[EXERCISE INPUT — start]

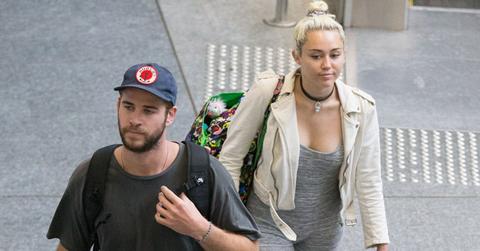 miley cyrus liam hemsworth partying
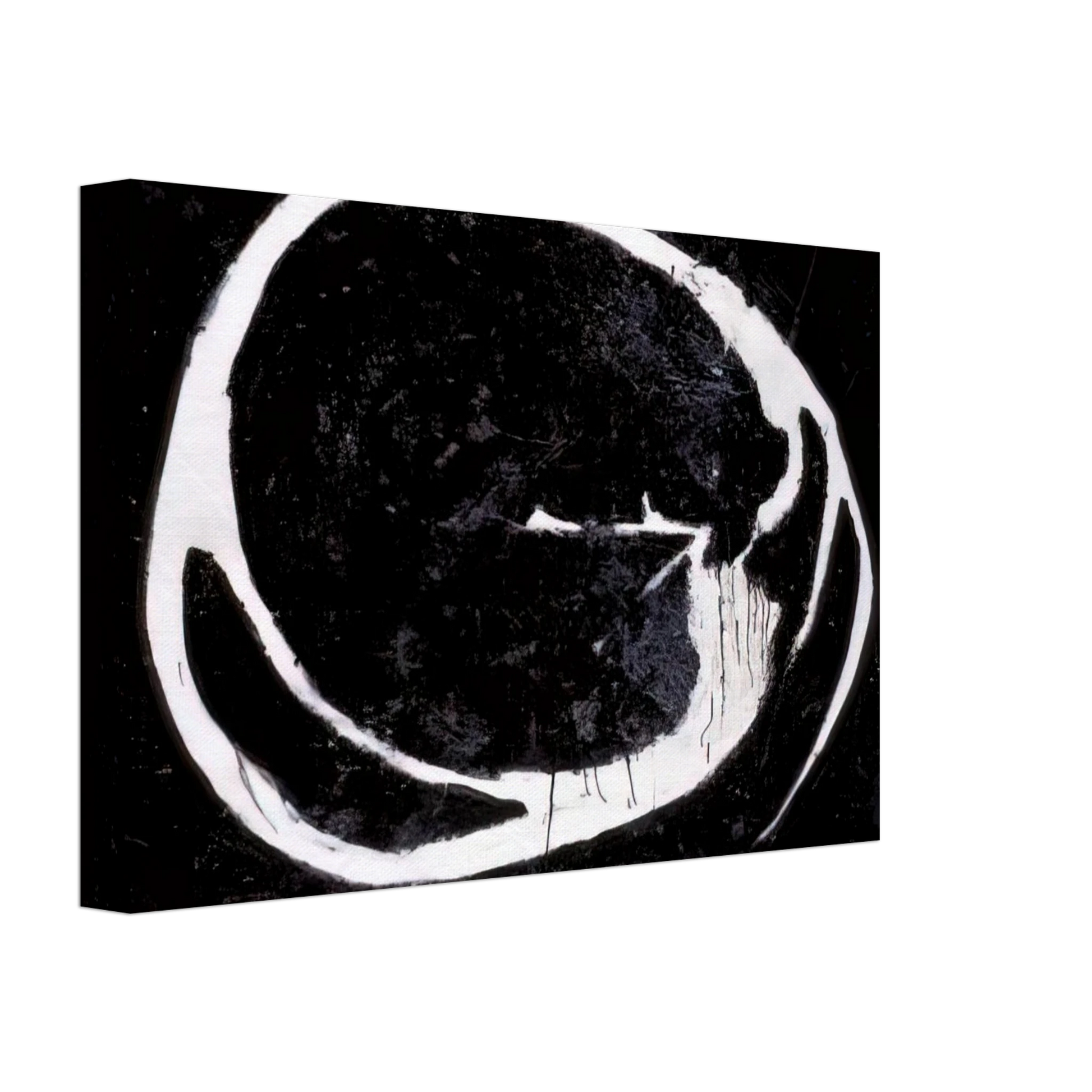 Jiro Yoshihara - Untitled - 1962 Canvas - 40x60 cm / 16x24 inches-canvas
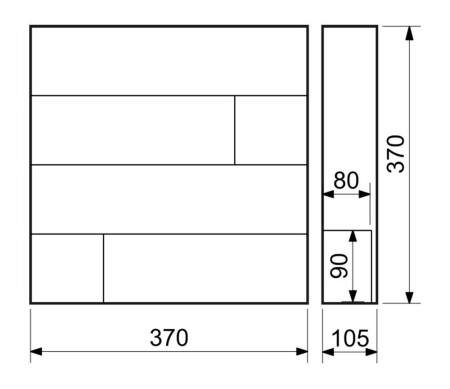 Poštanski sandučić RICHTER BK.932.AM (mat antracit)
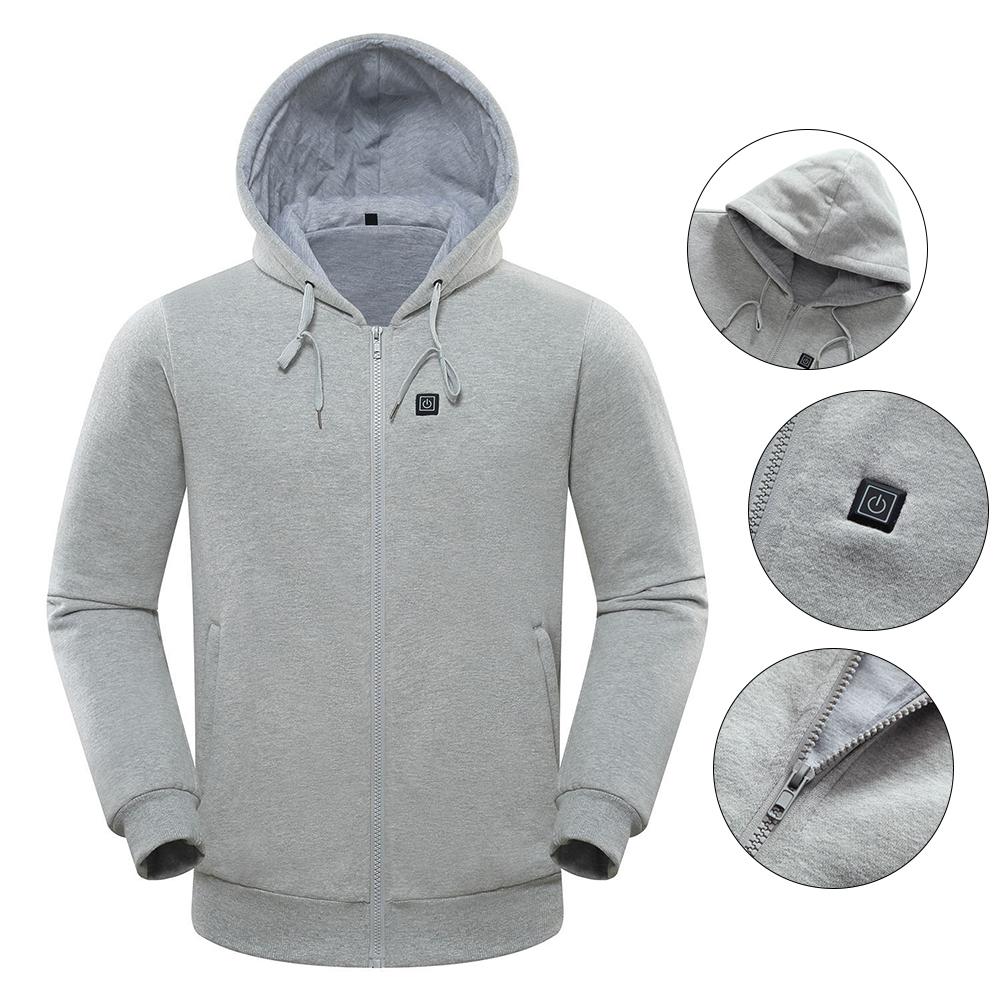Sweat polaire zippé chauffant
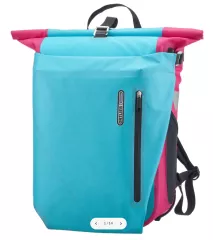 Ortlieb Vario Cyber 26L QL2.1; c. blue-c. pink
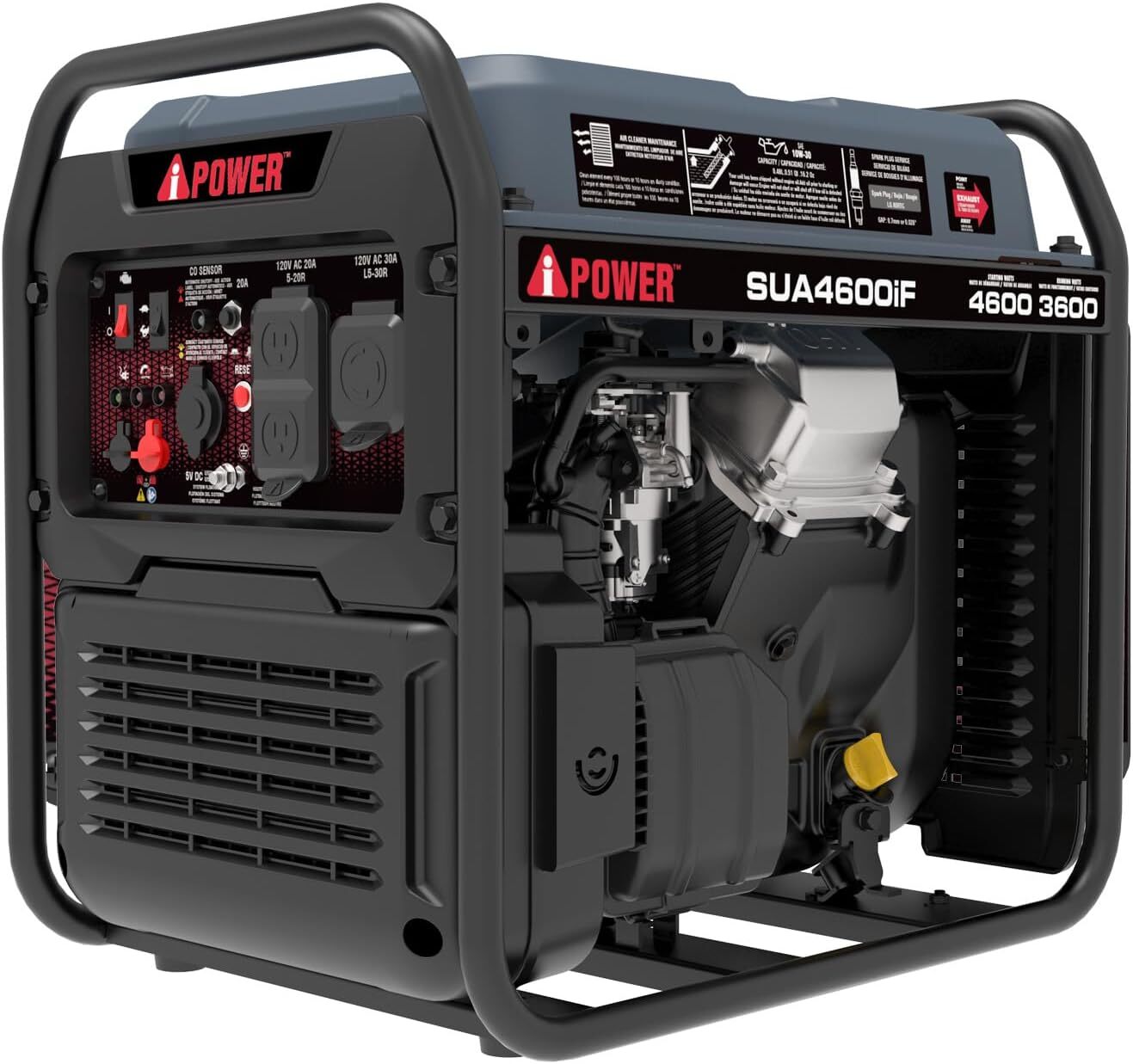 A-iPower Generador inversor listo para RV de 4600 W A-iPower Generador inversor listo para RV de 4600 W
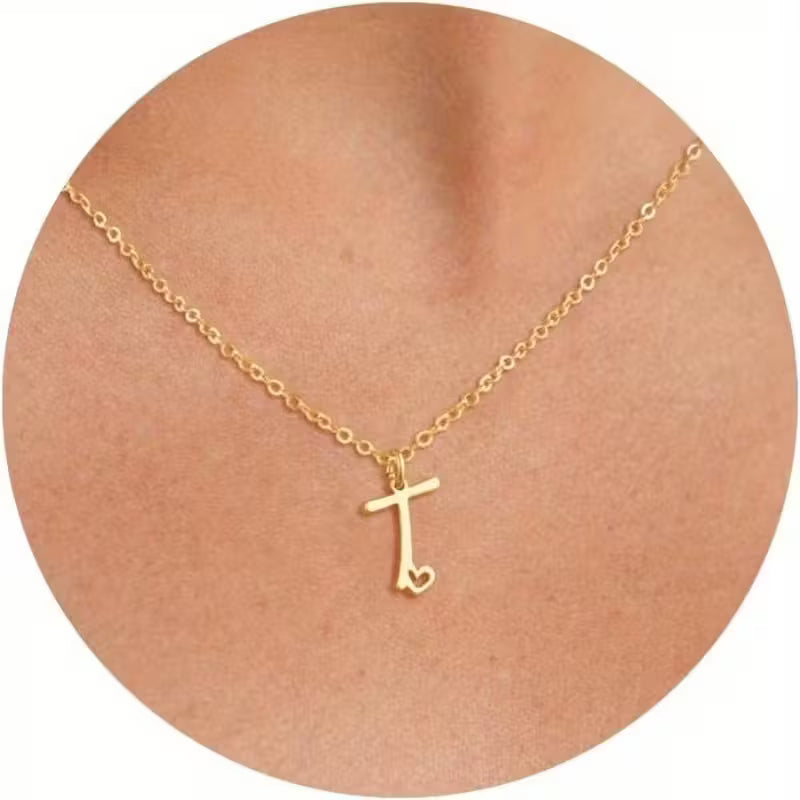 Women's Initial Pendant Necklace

[EXERCISE INPUT — finish]

### EXERCISE OBJECTIVE
Leave out the pictures and return every record word for word.

### EXPECTED ANSWER
 miley cyrus liam hemsworth partying
 Jiro Yoshihara - Untitled - 1962 Canvas - 40x60 cm / 16x24 inches-canvas
 Poštanski sandučić RICHTER BK.932.AM (mat antracit)
Sweat polaire zippé chauffant
 Ortlieb Vario Cyber 26L QL2.1; c. blue-c. pink
 A-iPower Generador inversor listo para RV de 4600 W A-iPower Generador inversor listo para RV de 4600 W
 Women's Initial Pendant Necklace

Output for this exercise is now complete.